Continuar profundizado un poco en la Resurrección de Cristo es tan importante porque en ello –nunca mejor dicho- nos va la vida. Nos va el sentido mismo de nuestra existencia. Nos va la causa de nuestra alegría esperanzada. Es verdad que, como nos dijo San Pablo, «si Cristo no ha resucitado, vana es nuestra fe». Sin embargo, la realidad de la Resurrección de Cristo nos ilustra sobre la prolongación de la forma de vida que nos espera, porque, o seguimos siendo nosotros mismos, siendo personas transformadas, o nos sirve de poco que se nos prometa quedar diluidos eternamente en el cosmos.

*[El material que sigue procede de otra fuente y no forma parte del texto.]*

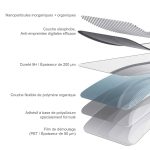 Protection d'écran Verre trempé Nintendo Switch - PT05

Benedicto XVI nos enseñó que la gran novedad de la manifestación de Dios en la Resurrección, con respecto a anteriores teofanías bíblicas, reside en que Jesús sigue siendo Dios y Hombre verdadero. Vive de un modo nuevo, pero no es un fantasma procedente del mundo de los muertos. Como hombre está en una nueva dimensión que nos afecta a todos, pero sigue siendo un hombre que pide de comer y se sienta a la mesa. La historia de la Revelación de Dios sigue siendo discreta. Está compuesta de modestos acontecimientos dirigidos a los limpios de corazón y no a los grandes de la tierra. No arrolla ni se hace evidente, porque no quiere anular nuestra libertad”. La historia de nuestra Redención culmina con la Resurrección cada vez que celebramos la Semana Santa para recordarnos que nuestra vida tiene sentido. No es una narración destinada a la simple rememoración, sino a ser vivida cada año, para renovar nuestra esperanza durante esta vida y en nuestra transformación al acaecer nuestra muerte.